Yerma review at the Young Vic – ‘a mighty performance from Billie Piper’
We’ve seen it in Australian director Simon Stone’s work before: glass box encasing the actors, amplifying the sense that we’re horribly intrusive voyeurs on the naturalistic family drama within. He did the same with Ibsen’s The Wild Duck at the Barbican in 2014. But it works: his version of Lorca’s tragic poem, Yerma, about a woman desperate to have a child is one hell of a punch to the gut thanks to Billie Piper’s mighty performance in the title role.
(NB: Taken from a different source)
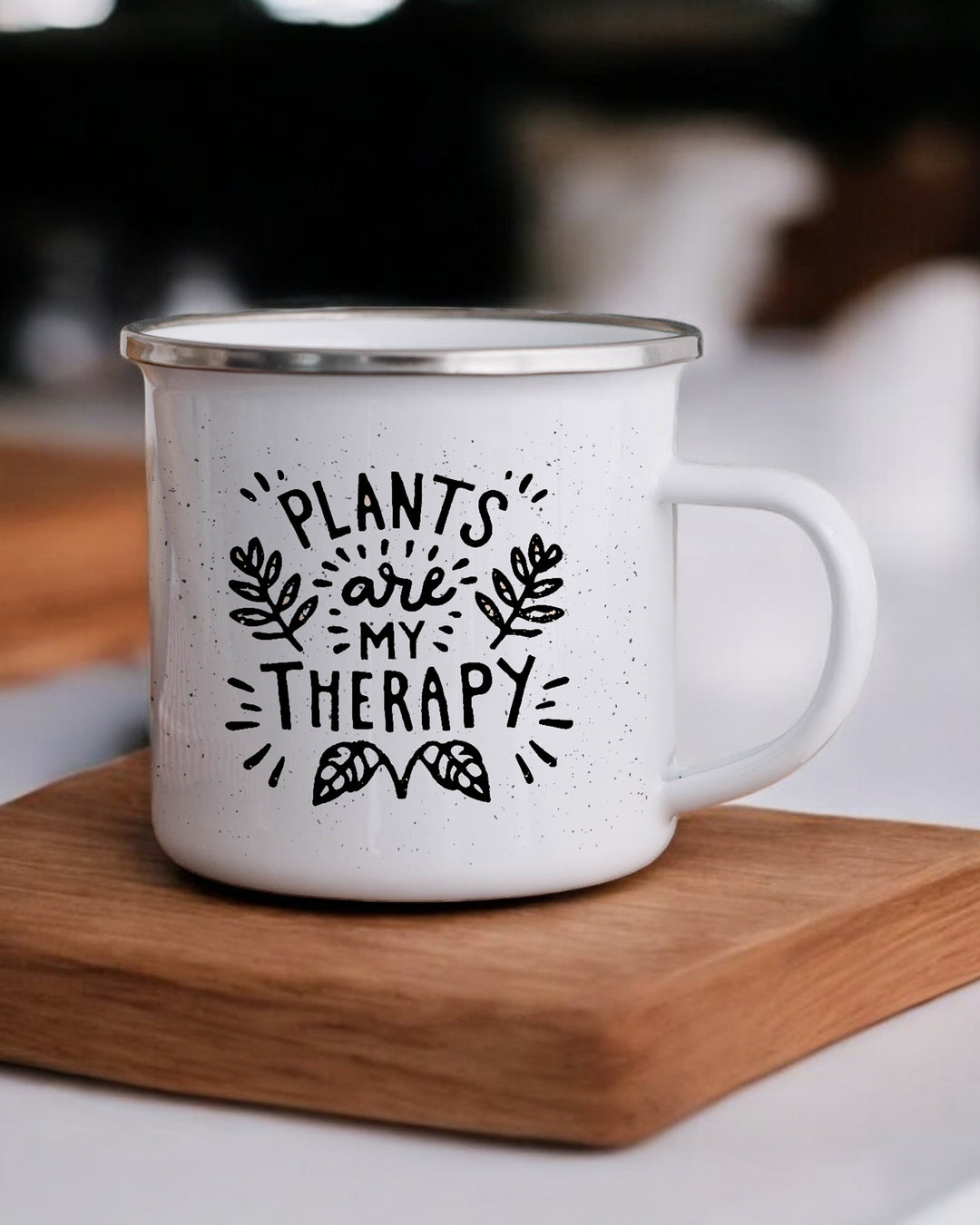 White mug with 'Plants are my therapy' text on a wooden coaster.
We’re in a gentrified London borough. The need for offspring becomes a generational issue, the pressure forced on the sensible generation between baby boomers and millennials. Stone also makes Yerma a confessional journalist – every twist and turn of her private life is fodder for the next day’s post.
She’s not a very nice person: self-obsessed, callous, manipulative. But Piper tugs at our sympathy as her demeanour changes from second to second, now cruel, now pitiable. The narrowed eyes and wide smile we see at the beginning cede to wild eyed desperation, finally despair. It’s exhausting to watch expressions fly across her face like colours in a kaleidoscope.
Piper is supported by an excellent cast – particularly Brendan Cowell as husband John torn between supporting his wife and intervening for the sake of her sanity. The ever excellent Maureen Beattie also puts in a great turn as Piper’s brusque mother.
Lizzie Clachan’s design, a glass box in which gardens and living rooms appear in a moment, is stark and impressive, as is James Farncombe’s lighting with its harsh mid-sentence blackouts.
In Stone’s hands the story progresses slowly, starting with a simple proposition to have a child, and escalating on a gentle gradient until it becomes something colossal and tragic.